A lot of those sponsorship opportunities came about through word of mouth as the show grew its listenership. “People who worked for [these independent companies] would listen and become fans of the podcast and want to advertise on the show,” said Shafrir. And because many of its sponsors are consumer goods companies, the team also uses clearly disclosed affiliate links on their website as another source of revenue.
Running a podcast advertising operation on your own isn’t easy, of course. Shafrir notes that one of the drawbacks of operating independently is not being able to get a good sense of market comparisons to help with setting ad rates. “I have no idea if I was low balling us or what in the beginning, but we did raise our rates pretty quickly,” she said. Spencer added: “I think it was connected to the increase in listeners.” They didn’t want to disclose what this rate was, but they did say that they didn’t get any pushback to the higher asking price.
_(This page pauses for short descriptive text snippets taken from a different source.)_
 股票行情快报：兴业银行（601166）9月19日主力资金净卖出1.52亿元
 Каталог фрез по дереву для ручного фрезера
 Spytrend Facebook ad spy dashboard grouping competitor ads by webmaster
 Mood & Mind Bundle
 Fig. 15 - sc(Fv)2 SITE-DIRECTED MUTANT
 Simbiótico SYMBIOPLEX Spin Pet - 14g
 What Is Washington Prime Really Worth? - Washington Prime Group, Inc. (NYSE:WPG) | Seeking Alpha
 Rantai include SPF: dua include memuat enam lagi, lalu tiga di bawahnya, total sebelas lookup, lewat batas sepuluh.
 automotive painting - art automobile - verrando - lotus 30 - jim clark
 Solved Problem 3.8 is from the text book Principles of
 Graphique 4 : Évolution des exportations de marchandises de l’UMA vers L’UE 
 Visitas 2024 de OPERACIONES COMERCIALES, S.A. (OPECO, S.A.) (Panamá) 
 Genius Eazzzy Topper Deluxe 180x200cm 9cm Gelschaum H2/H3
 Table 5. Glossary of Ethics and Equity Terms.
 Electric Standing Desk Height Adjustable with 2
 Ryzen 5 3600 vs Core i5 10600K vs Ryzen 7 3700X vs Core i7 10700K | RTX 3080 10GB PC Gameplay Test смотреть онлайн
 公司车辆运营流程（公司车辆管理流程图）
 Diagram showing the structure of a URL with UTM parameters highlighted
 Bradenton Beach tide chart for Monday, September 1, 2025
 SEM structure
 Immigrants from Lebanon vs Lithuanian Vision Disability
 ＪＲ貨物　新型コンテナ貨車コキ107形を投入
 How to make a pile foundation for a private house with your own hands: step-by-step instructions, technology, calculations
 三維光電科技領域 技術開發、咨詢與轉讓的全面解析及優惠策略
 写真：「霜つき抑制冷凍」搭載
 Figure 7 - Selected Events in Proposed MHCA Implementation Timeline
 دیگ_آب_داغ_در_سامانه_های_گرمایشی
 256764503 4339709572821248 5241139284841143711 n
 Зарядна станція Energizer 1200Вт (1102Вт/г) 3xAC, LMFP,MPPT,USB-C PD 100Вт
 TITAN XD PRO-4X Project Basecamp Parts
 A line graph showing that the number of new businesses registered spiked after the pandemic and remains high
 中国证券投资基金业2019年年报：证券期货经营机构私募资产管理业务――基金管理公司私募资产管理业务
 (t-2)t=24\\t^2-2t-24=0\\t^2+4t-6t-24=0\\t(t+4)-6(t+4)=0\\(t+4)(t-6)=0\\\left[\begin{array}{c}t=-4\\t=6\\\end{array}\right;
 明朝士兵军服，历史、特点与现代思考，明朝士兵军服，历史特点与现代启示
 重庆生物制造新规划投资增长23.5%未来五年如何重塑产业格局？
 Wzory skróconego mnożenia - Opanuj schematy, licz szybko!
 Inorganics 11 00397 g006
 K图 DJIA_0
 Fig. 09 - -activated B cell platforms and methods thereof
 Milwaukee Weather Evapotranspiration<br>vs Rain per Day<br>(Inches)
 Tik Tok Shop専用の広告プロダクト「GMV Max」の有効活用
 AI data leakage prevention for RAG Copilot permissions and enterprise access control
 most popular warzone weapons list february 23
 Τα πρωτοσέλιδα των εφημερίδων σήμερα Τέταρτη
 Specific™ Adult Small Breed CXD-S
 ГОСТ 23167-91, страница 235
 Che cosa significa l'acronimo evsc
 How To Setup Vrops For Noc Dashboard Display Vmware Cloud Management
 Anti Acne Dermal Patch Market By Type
Shafrir and Spencer didn’t set out to turn Forever35 into an independent business. The way they tell it, that was just something that happened along the way. “When we started the podcast, it wasn’t like, ‘We’re going to sell all of our ads and do all of this stuff.’ That wasn’t really part of our initial thinking. Once it started happening, we just thought we might as well just continue doing this,” Shafrir said. So far her journalism career had been entirely in editorial, but she was now excited to learn how her work could make money.
“It gives you a kind of power, I think,” she added.
They are, however, planning on either signing on with a network or getting some other help with advertising in the next few months. “I’m going have a baby in April… it’s getting to be just a lot of work that I don’t have the bandwidth to do anymore,” Shafrir said. As well as this support, Spencer said that audience growth and cross promotion are two big reasons why they are considering this move. “I think it would be a helpful tool to be a part of a podcasting family, especially because of advertising on other podcasts that might have an audience that doesn’t know us yet but would like what we’re offering,” she said.
Forever35 did get some early approaches from networks, the hosts told me, but they weren’t convinced that anything was the right fit at that time. Plus, some of the meetings they had didn’t feel very good. “Sometimes we would have conversations with networks and they clearly hadn’t listened to our show — they couldn’t be bothered to take an hour out of their day for a show geared to women,” Shafrir said. “That was just interesting. We felt like there was a bit of a patronising tone. We were definitely lowballed by networks early on in a way that felt sort of gross.”
Now that the show is more established, these conversations have become more productive, Spencer said. “We have had conversations with people who totally get it and are so supportive and on board and understand our show and our audience and what we’re doing.”
With new family commitments on the horizon and an increasing workload, they’re ready to swap independence for more support and a bigger team around them. Both Shafrir and Spencer found it difficult to estimate exactly how many hours a week they work on the podcast, but neither has another full time job and they said they do some work on it almost every day. They are both working on other projects, but Forever35 has become their main focus.
With four million downloads in their first year, the podcast is in a prime position for expansion. Two big areas they have yet to explore — merchandise and live shows — are on the cards for 2019, as well as working out how to be flexible with parental leave and other writing work. Theirs might not have been a typical podcasting success story, but Shafrir and Spencer (along with editor Samee Junio) have shown how a rapidly-growing independent show can bring in revenue all by itself.